**TASK ITEM:** Where in the data below does the word "Beach" appear? Copy every line that has it.

[Opening DATA RECORDS section]

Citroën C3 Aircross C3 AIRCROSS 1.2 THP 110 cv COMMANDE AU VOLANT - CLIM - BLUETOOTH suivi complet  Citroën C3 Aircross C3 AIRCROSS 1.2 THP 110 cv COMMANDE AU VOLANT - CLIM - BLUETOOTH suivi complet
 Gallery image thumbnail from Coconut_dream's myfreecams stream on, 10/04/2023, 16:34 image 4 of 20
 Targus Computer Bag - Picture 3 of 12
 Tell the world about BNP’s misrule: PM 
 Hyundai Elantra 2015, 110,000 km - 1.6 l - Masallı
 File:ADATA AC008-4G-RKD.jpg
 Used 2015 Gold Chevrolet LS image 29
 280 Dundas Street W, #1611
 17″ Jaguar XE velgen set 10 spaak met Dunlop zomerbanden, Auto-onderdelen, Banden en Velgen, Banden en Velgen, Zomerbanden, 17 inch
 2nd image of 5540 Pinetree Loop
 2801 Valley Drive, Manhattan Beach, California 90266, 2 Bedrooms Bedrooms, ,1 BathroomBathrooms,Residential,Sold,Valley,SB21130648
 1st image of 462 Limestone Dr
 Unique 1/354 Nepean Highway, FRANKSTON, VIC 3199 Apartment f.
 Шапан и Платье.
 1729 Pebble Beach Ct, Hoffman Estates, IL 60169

[Closing DATA RECORDS section]

**OUTPUT OF THE TASK:**
 2801 Valley Drive, Manhattan Beach, California 90266, 2 Bedrooms Bedrooms, ,1 BathroomBathrooms,Residential,Sold,Valley,SB21130648
 1729 Pebble Beach Ct, Hoffman Estates, IL 60169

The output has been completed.